Problem to work on: Restate the records in full, keeping every word as it is.

BEGIN Provided data

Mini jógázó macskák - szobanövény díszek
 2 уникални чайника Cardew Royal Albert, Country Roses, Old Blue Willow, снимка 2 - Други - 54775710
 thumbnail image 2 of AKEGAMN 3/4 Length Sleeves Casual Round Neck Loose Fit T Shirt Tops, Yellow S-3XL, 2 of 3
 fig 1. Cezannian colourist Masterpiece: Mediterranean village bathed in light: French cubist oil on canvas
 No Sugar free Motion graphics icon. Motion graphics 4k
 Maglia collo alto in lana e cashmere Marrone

END Provided data

Reply to the task:
Mini jógázó macskák - szobanövény díszek
 2 уникални чайника Cardew Royal Albert, Country Roses, Old Blue Willow, снимка 2 - Други - 54775710
 thumbnail image 2 of AKEGAMN 3/4 Length Sleeves Casual Round Neck Loose Fit T Shirt Tops, Yellow S-3XL, 2 of 3
 fig 1. Cezannian colourist Masterpiece: Mediterranean village bathed in light: French cubist oil on canvas
 No Sugar free Motion graphics icon. Motion graphics 4k
 Maglia collo alto in lana e cashmere Marrone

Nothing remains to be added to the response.